With respect to its enrollment initiatives to combat fraud and abuse, CMS proposes to:
- Expand the reasons for denying an enrollment application to a currently enrolled or previously enrolled legal entity (i.e., the provider or supplier) or any of its direct or indirect owners to include situations in which: (a) the provider or supplier has an existing Medicare debt, or (b) had an unpaid Medicare debt that existed when the provider’s or supplier’s enrollment was voluntarily terminated, involuntarily terminated, or revoked. Even in advance of finalizing the proposed regulations, CMS published Transmittal 469 to the Medicare Program Integrity Manual entitled: “Enrollment Denials When an Existing or Delinquent Overpayment Exists” [PDF], with an October 1, 2013 effective date, which will implement these rules most likely before the final regulations are published.
- In order to deny enrollment to a direct or indirect owner under the second prong of this proposed regulation, CMS proposes that the following additional requirements would need to be satisfied:
- The direct or indirect ownership interest would have to have been present within the last year prior to the voluntary termination, involuntary termination, or revocation; and
- CMS would need to determine the uncollected debt poses an undue risk of fraud, waste, or abuse.
- The proposed regulations provide a mechanism to avoid the denial of enrollment by repaying the outstanding debt in full, agreeing to repay the debt according to a CMS-approved extended repayment schedule, or satisfying the debt in accordance with the existing claims collection regulations at 42 C.F.R. § 401.607.

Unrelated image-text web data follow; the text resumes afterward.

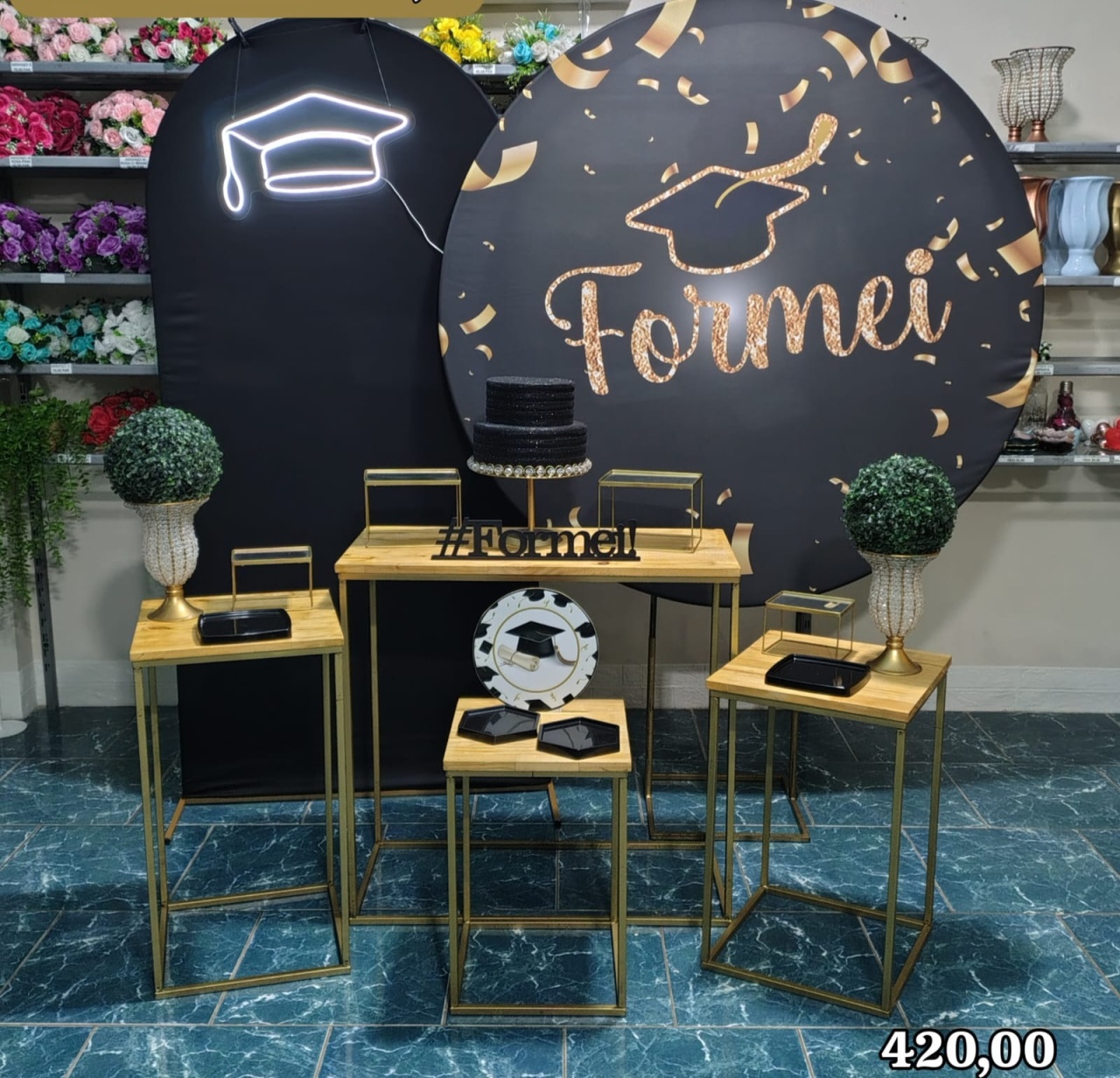 Formatura Preto Com Dourado Formei (Composição) - Bn Decorações 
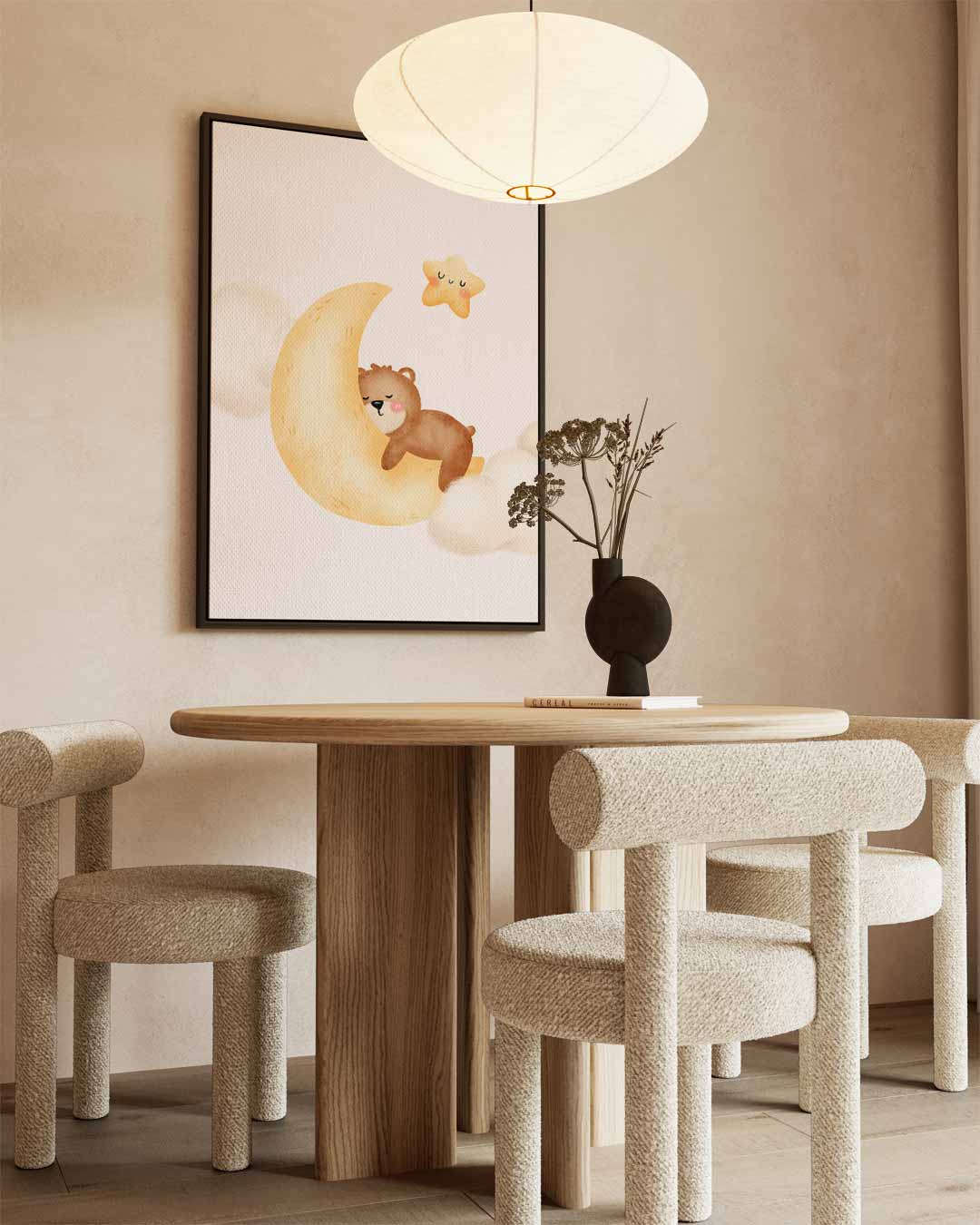 Slapende Beer op de Maan – staand kunstwerk voor modern interieur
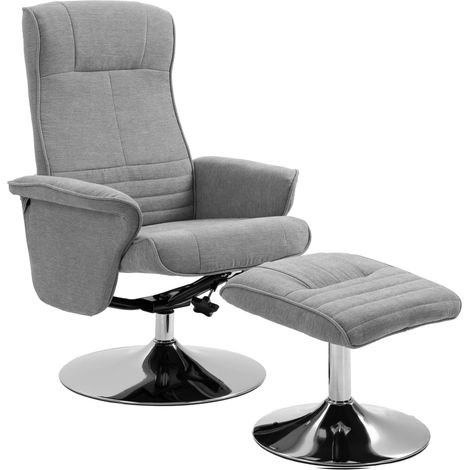 Fauteuil inclinable avec repose-pieds SHIRLEY gris (1/5)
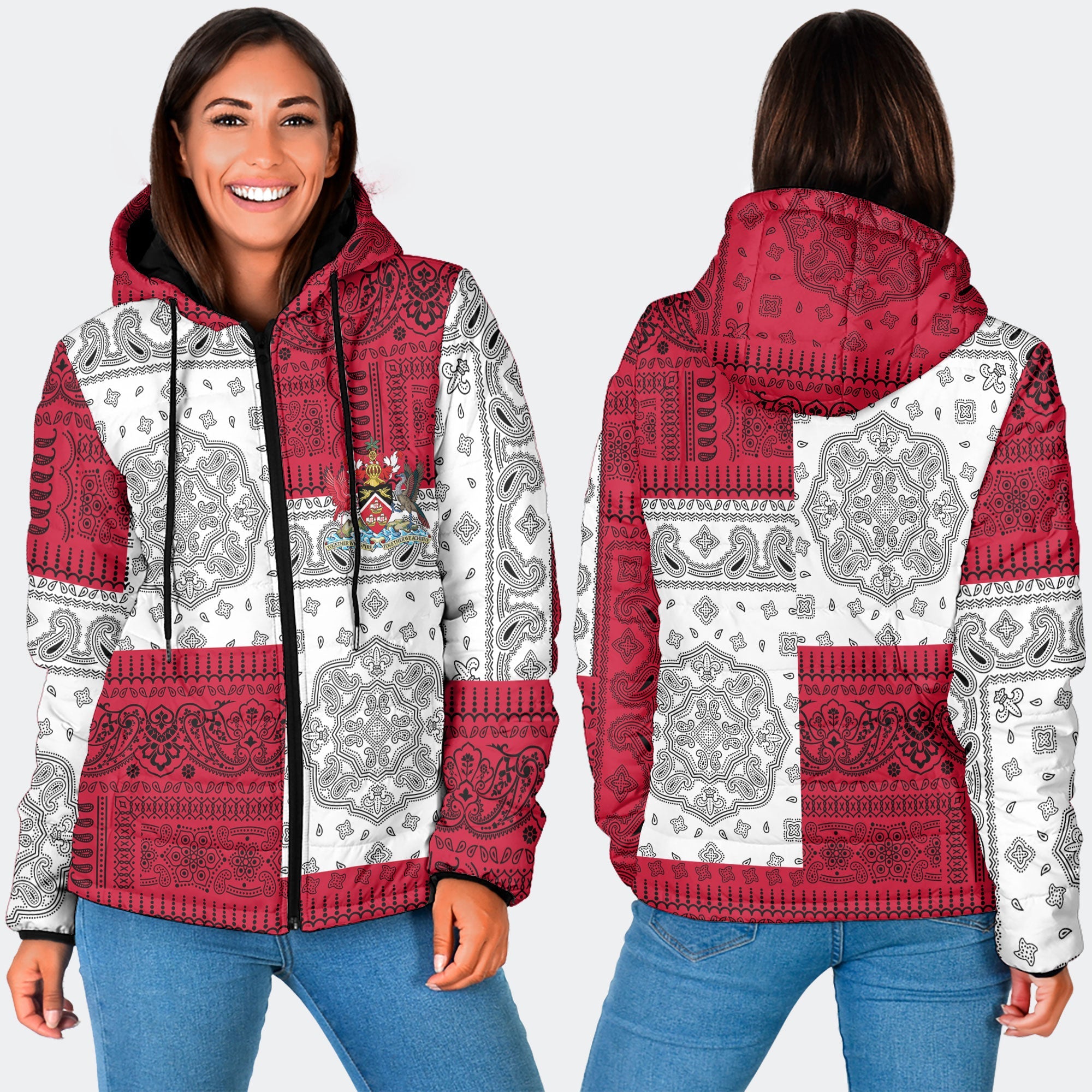 Trinidad And Tobago Women Hooded Padded Jacket Flag And Paisley Basic Style 3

- Expand the reasons for either denying an enrollment or revoking billing privileges to include situations in which the provider, supplier, a direct or indirect owner, or any managing employee is or was, within the preceding 10 years, convicted of a federal or state felony offense that CMS determined to be detrimental to the best interests of the Medicare program and its beneficiaries.
- The reasons for the denial or revocation are unchanged, but the proposed regulations would add managing employees.
- The proposed regulations further specify that the period for the revocation would be set by the Secretary but would be for the full 10-year period when the conviction is a second or subsequent conviction.
- Expand the reasons to allow a billing privilege revocation for an abuse of billing privileges, defined as:
- The submission of a claim or claims for services that could not have been furnished to a specific individual on the date of service, such as when the beneficiary is deceased, when the directing physician or beneficiary is not in the state when services were furnished, the necessary testing equipment was not present, or
- When the provider or supplier has a pattern or practice of billing for services that do not meet Medicare requirements.
- Change the date for the start of the reenrollment bar to 30 days after CMS or its contractor mails the billing privilege revocation notice. In situations where CMS has the authority to retroactively revoke billing privileges, the reenrollment bar would be expanded. This particular initiative could result in a reenrollment bar extending well beyond the current three-year maximum. If there is a delay in learning of an adverse final action, for example when the provider or supplier failed to report the action, CMS has the authority to retroactively revoke billing privileges. Currently, the bar to reenrollment begins as of that retroactive revocation date. Under the proposed rule, the reenrollment bar would not begin until 30 days after the revocation notice is mailed.
- Sets the time period for a provider or supplier that has a billing privilege revocation to submit claims for dates of service prior to the revocation effective date as follows:
- With the exception of home health agencies (HHAs), within 60 calendar days after the effective date of revocation.
- For HHAs, within 60 days after the later of:
- (A) The effective date of the revocation, or
- (B) The date that the HHA’s last payable episode ends.
- Revise the appeal process for a billing privilege revocation to add to the regulations the ability to submit a Corrective Action Plan (CAP), which is currently provided for under CMS’s enrollment policies. However, in adopting CAP regulations, CMS proposes:
- To allow the submission of a CAP only in situations when 42 C.F.R. § 424.535(a)(1) served as the basis for the revocation.
- The provider or supplier would only be granted one opportunity to correct the deficiencies through the CAP process.
- Consistent with current CMS policy, the decision regarding the CAP is not a final determination providing any further appeal rights.
- Revise the process for determining the effective date of an ambulance supplier’s enrollment to be consistent with that for physician and nonphysician group practices, i.e., the later of the date of receipt of an application that is capable of being processed or when services were first provided.
The denial of enrollment for an outstanding overpayment has significant implications for current and future transactions and business development. In light of the publication of Transmittal 469, it is especially important to consider submitting comments to these and other proposed regulations prior to the June 28th deadline.